I have been more than willing to discuss it, and I did not close the
issue report. I did say I was opposed to it, but that's simply
because I am, and I explained there too _why_ I was opposed.
Do you have anything to say about the specific proposal? I doubt
either of us has found this meta-discussion useful. I'm still looking
for a compelling use case. The only concrete thing anyone has noted
in `shuffled()`'s favor so far is that sometimes they're surprised by
the behavior of random.shuffle(list) returning None in an interactive
shell (noted by you, and by another, and I cheerfully own up to being
a bit surprised by that too long ago). But that's an observation
about `random.shuffle()`, not about the proposed `shuffled()`.
>> [...] I would be far more annoyed if, e.g.,
>>
>> >>> random.shuffle(some_million_element_list)
>>
>> swamped my terminal with mountains of output.
> But you readily accept this behavior for "sorted"? That makes no sense at
> all.
Of course it does. The only analogy to random.shuffle(big_list)
returning None that makes a lick of sense here is that big_list.sort()

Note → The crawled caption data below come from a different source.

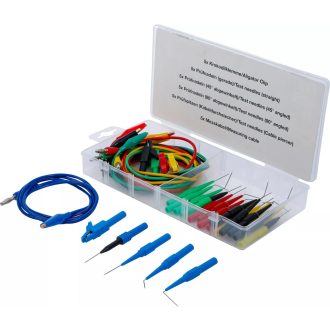   9-74500 | Mérőkábel és mérőcsúcs készlet multiméterekhez - BGS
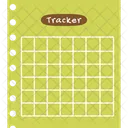 習慣トラッカー  アイコン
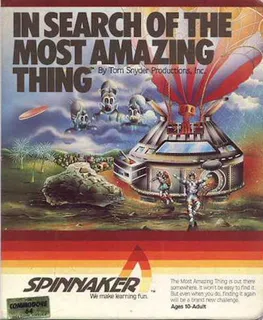 In Search of the Most Amazing Thing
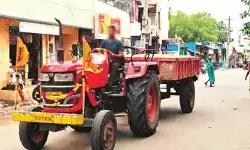 వీడీసీల ముసుగులో ఇసుక దందా..!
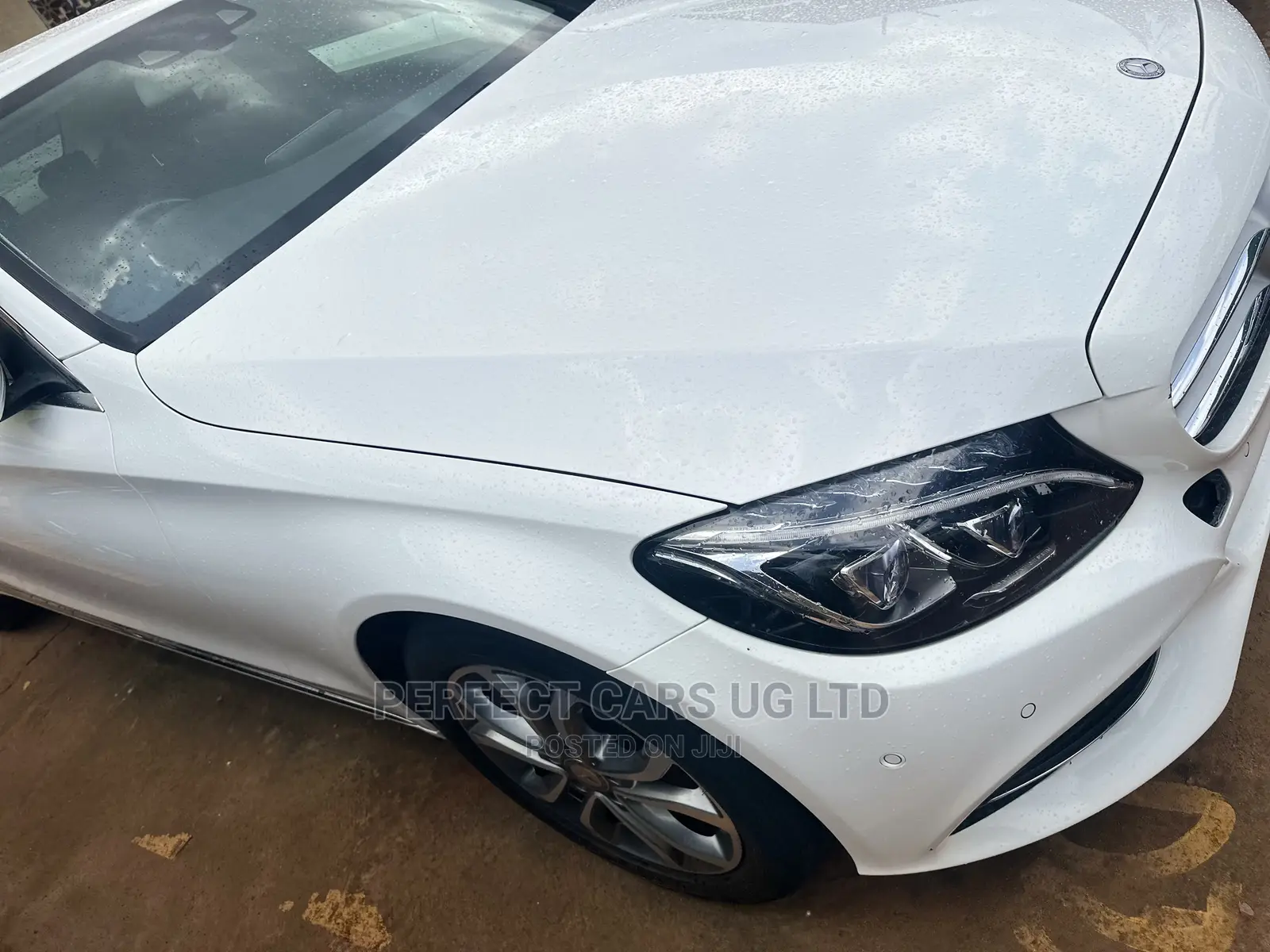 Mercedes-Benz C200 2014 Pearl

also returns None. IF a `shuffled()` function is introduced, then of
course it should return its result - just like `sorted()` returns its
result.
>> You can't both behaviors simultaneously, so the status quo wins.
>> Indeed, the venerable status quo ;-)
> Nobody said to change "shuffle".
A verbatim quote from the first message in this thread:
"Also shuffle() should return self so mutating methods could be chained."